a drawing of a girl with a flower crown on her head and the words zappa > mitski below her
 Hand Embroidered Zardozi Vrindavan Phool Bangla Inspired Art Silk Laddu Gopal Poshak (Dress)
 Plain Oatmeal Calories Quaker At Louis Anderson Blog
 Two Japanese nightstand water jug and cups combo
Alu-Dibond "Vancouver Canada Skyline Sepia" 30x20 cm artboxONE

● ● ● ● ● ● ●

=== WHAT YOU SHOULD DO ===
Repeat the listing in full, keeping every line exactly as it is.

=== RESULT FOR THIS EXERCISE ===
a drawing of a girl with a flower crown on her head and the words zappa > mitski below her
 Hand Embroidered Zardozi Vrindavan Phool Bangla Inspired Art Silk Laddu Gopal Poshak (Dress)
 Plain Oatmeal Calories Quaker At Louis Anderson Blog
 Two Japanese nightstand water jug and cups combo
Alu-Dibond "Vancouver Canada Skyline Sepia" 30x20 cm artboxONE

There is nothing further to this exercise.